Comment by aleph_minus_one

2 days ago

I think there are also other aspects:

- Some people simply ask a lot more questions than others (this ignores whether they like or dislike AI), i.e. some people simply prefer to find things out more by themselves, and thus also use other resources like Google or Stack Overflow as a last resort. So their questions to an AI will likely be more complicated, because they already found out the easy parts by themselves.

- If I have to make the effort to explain to the AI in a sufficiently exhaustive way what I need (which I often have to do), I expect the answers of the AI to be really good. If it isn't, having explained my problem to the AI was simply a waste of time.

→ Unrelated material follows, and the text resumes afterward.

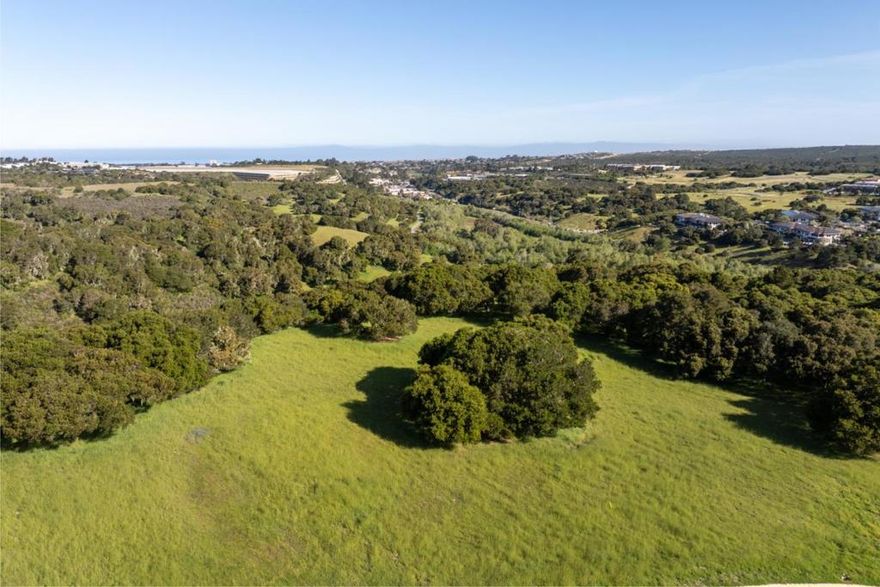 This stunning 1.990± acre parcel in Monterra is sited on a sunny hillside among mature oak trees and offers breathtaking views of Monterey Bay, the Santa Cruz Mountains, and the Steinbeck Hills. The gently sloping driveway leads to a spacious open meadow and a 0.82± acre building envelope, providing the perfect canvas for your dream home. Enjoy more favorable weather than the coast in a serene, park-like setting, surrounded by natural beauty. The property benefits from underground utilities, including water provided by the Canada Woods Water Company, a private service provider for the Monterra and Tehama communities. A social membership to the exclusive Tehama Golf Club is included with the purchase, offering access to multiple dining venues, social events throughout the year, and a full range of amenities at the sports center including two pools, tennis and pickleball courts, weight machines, organized fitness classes and personal trainers. Monterra Ranch is a private, gated community just 3 miles inland, only minutes from world-renowned golf courses, shopping, dining, wine tasting, hiking and biking trails, sandy beaches, a regional airport and the famous Laguna Seca Raceway.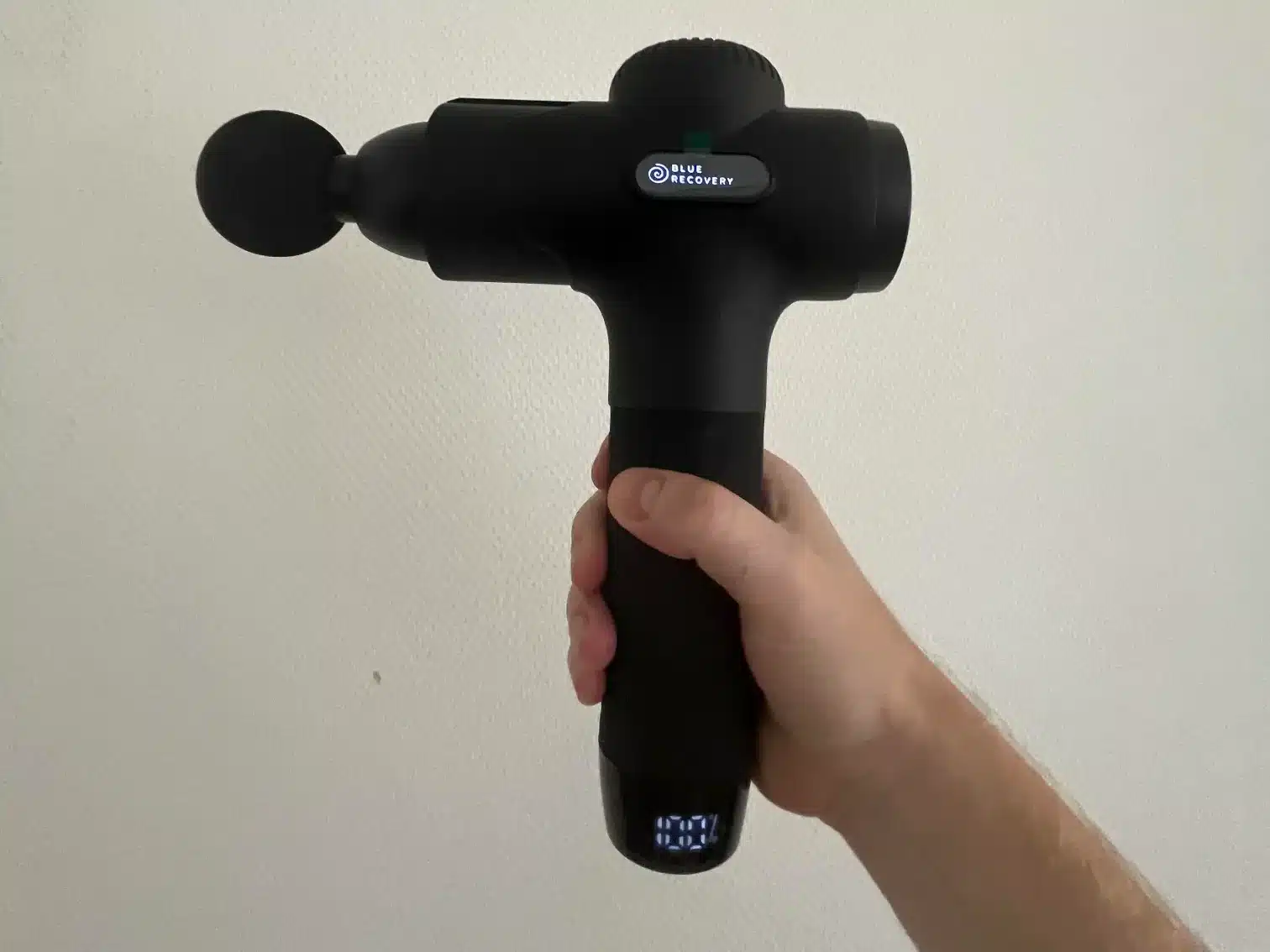 afbeelding van de blue recovery massage gun in mijn hand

> I expect the answers of the AI to be really good. If it isn't, having explained my problem to the AI was simply a waste of time.

I find the worst part to be when it doesn't correct flaws in my assumptions.

For example, yesterday I asked it "what is the difference between these two Datadog queries"? And it replied something that was semi-correct, but it didn't discover the fundamental flaw - that the first one wasn't a valid query because of unbalanced parens. In fact, it turns out that the two strings (+ another one) would get concatenated and only then would it be a valid query.

A simple "the first string is not a valid query because of a missing closing paren" would have saved a lot of time in trying to understand this, and I suspect that's what I would have received if I had prompted it with "what's the problem with this query" but LLMs are just too sycophantic to help with these things.

  • I have found that o3, specifically, will tell me relevant information that I didn't ask for.

    But most other models don't.

    I do have a custom instruction in place to ask if I'm aware of concepts related to my question - perhaps in coming up with these, it notices when something relevant hasn't been mentioned.